[[ RECORDED DATA, beginning ]]
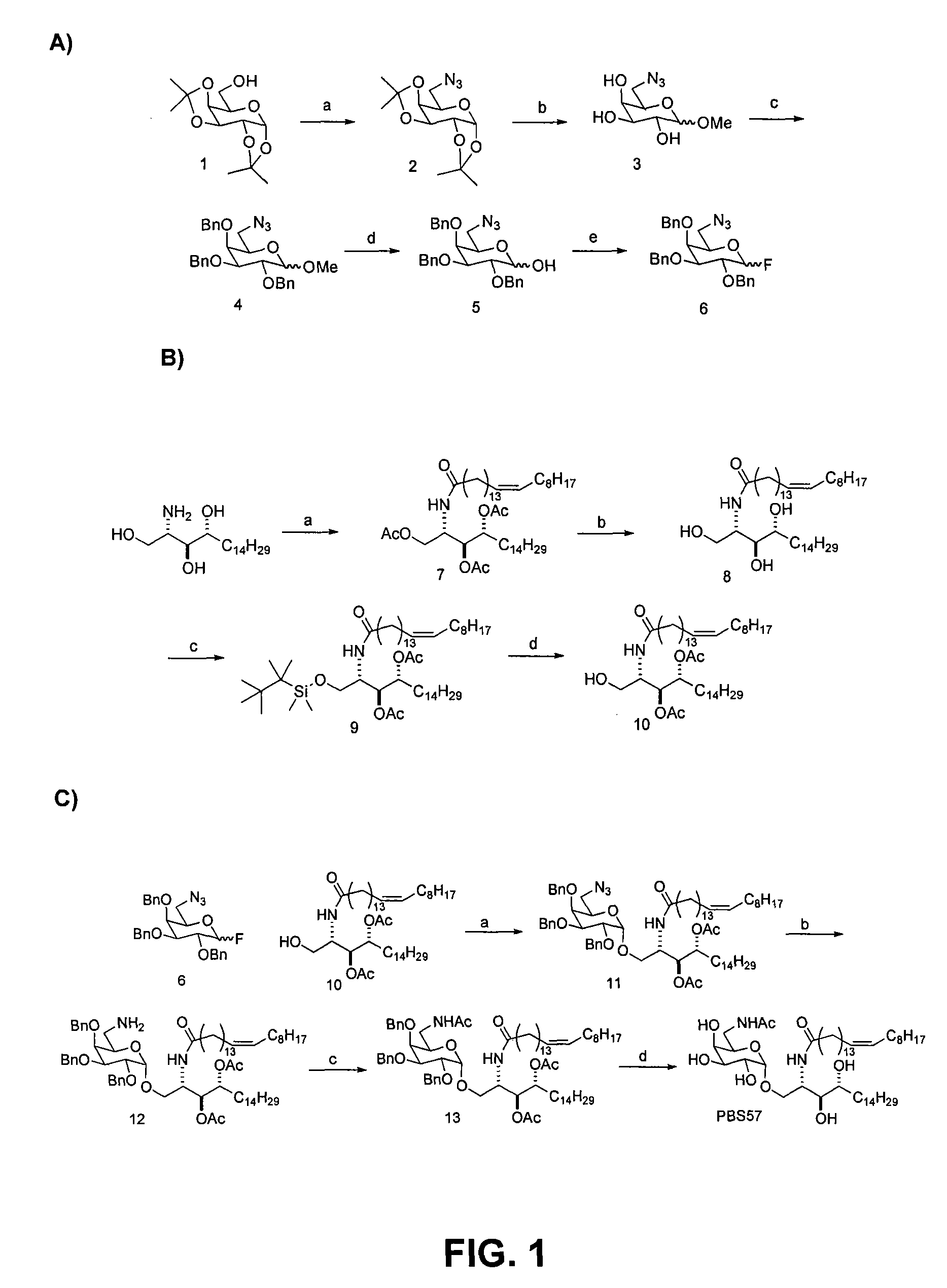 Modified α-galactosyl ceramides for staining and stimulating natural killer T cells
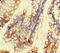 Potassium Two Pore Domain Channel Subfamily K Member 16 antibody, LS-C678404, Lifespan Biosciences, Immunohistochemistry paraffin image 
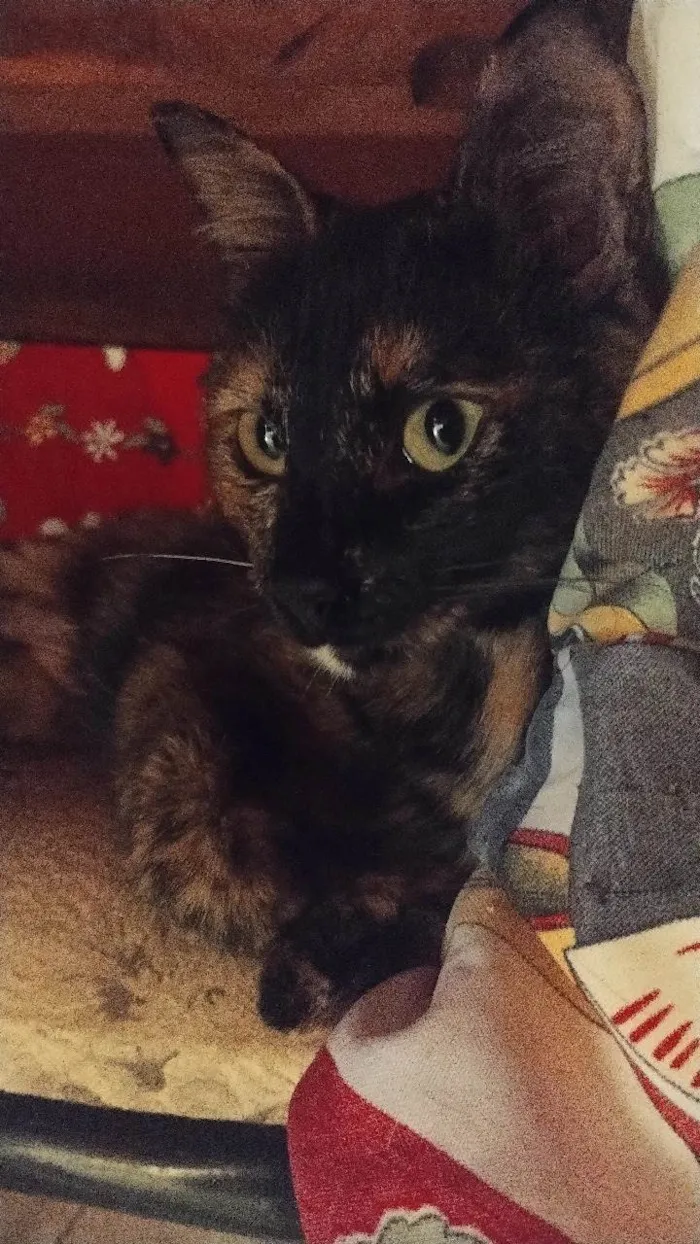 Gato ra a SRD-ViraLata idade 7 a 11 meses nome Jack e Athena 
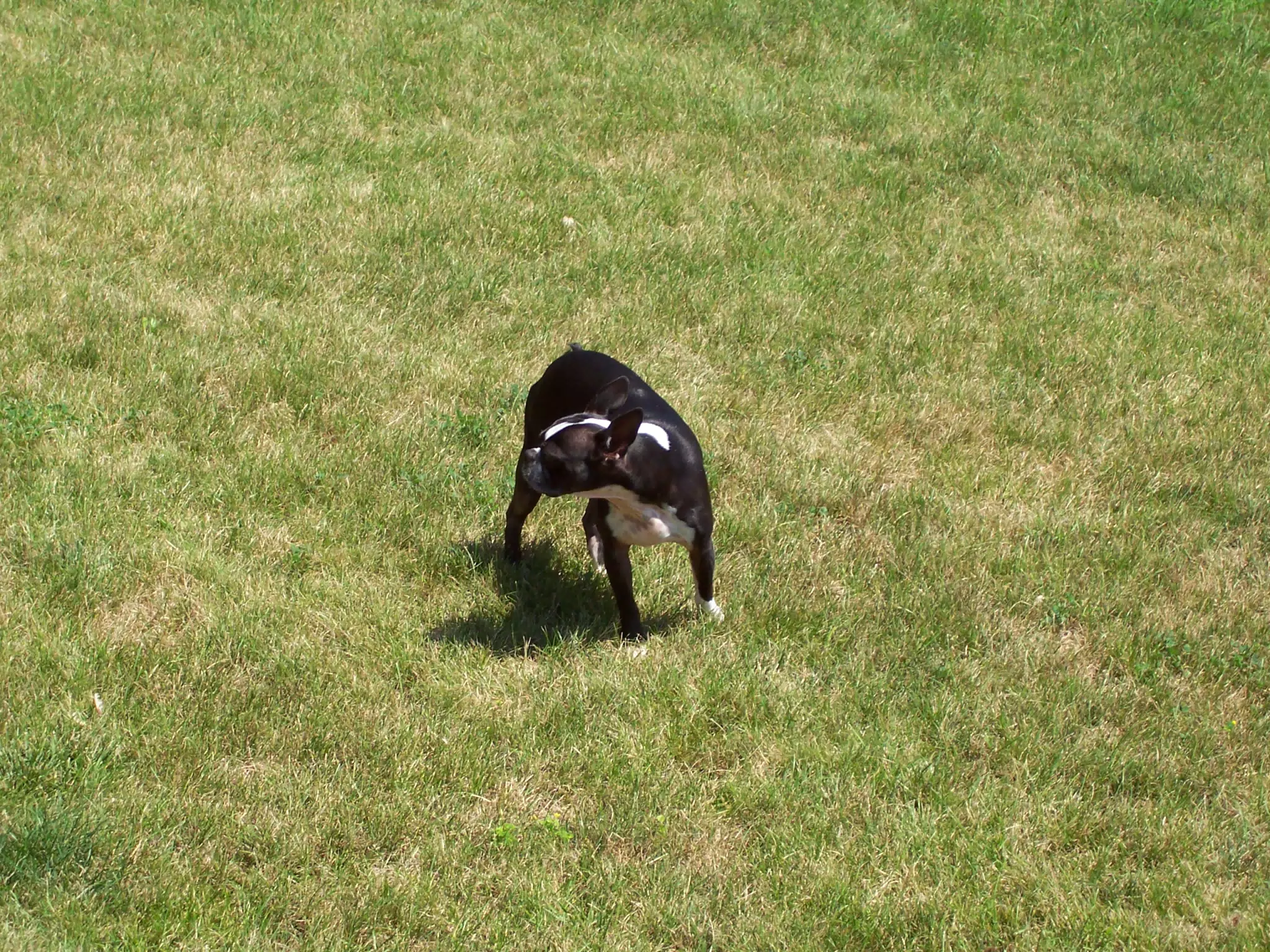 Oreo in Backyard of Geneseo Townhouse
[[ RECORDED DATA, end ]]
When you repeat the data, keep it exact and drop every picture.

*FINISHED TASK*
 Modified α-galactosyl ceramides for staining and stimulating natural killer T cells
 Potassium Two Pore Domain Channel Subfamily K Member 16 antibody, LS-C678404, Lifespan Biosciences, Immunohistochemistry paraffin image 
 Gato ra a SRD-ViraLata idade 7 a 11 meses nome Jack e Athena 
 Oreo in Backyard of Geneseo Townhouse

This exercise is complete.